Music fans will want to see as much of Tennessee as possible, starting in the Music City of Nashville before making their way to the home of soul, Memphis. The drive takes around three hours, so there’s plenty of time to explore.
But along the way, driving along I-40, there are also some unique landmarks, including music-related destinations. Detour to the small towns that run alongside the highway for an enjoyable road trip.
Looking to get there in a hurry? You can also book a One-Way Shuttle Transportation from Memphis to Nashville.
Johnny Cash left his mark all over the South but retreated from the noise of Nashville on his farm in Bon Aqua. It has a general store that is now the Storytellers Museum, which features Johnny Cash memorabilia.
If you have time, spend the night at Forest Gully Farms, which has rooms designed after the hobbit homes from The Lord of the Rings. It’s about 20 minutes away in Santa Fe, Tennessee, right off the Natchez Trace Parkway.
Visit Bon Aqua on the Johnny Cash Hideaway Tour: Nashville to Storytellers Hideaway Farm with Lunch.
Grand Ole Opry legend Minnie Pearl hailed from Grinder’s Switch, which isn’t a town but rather the place where the trains switch tracks outside of Centreville.

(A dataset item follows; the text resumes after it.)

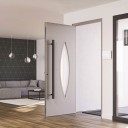 Porte d'entrée aluminium d'Aluhaus.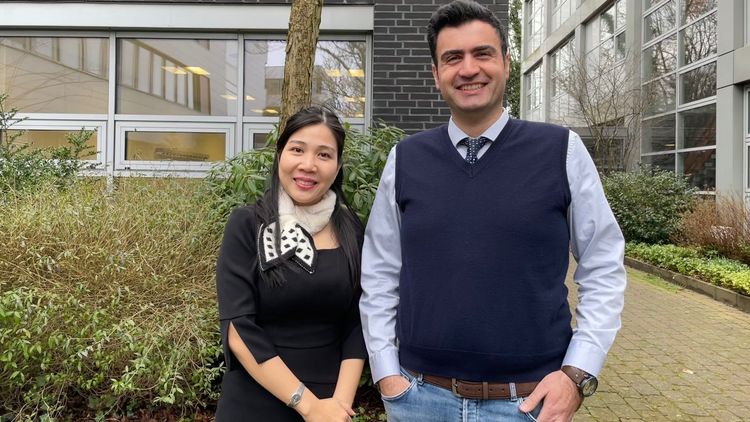 Porträtfoto zweier Teilnehmenden des Weiterbildungsprogramms UNILEAD auf dem Campus der Universität Oldenburg.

Her act featured her flowered hat with the tags still on it. The memorial garden honors her legacy. In town, there’s also a bust of Pearl made of chicken wire.
Grinder’s Switch Winery is set in a hand-built log cabin with a vineyard and tasting room. They offer free tastings of their sweet and dry wines, including the award-winning chardonnay. They also have a location in Marathon Village in Nashville.
The main attraction in Hurricane Mills is Loretta Lynn’s Ranch. The country legend created the landmark around the mansion she previously lived in, which is now open for tours.
Also onsite is the Coal Miner’s Daughter Museum, inspired by her famous hit, along with a recreated Western town, a replica of her childhood home in Butcher Holler, a simulated coal mine, and a Native American artifact exhibit.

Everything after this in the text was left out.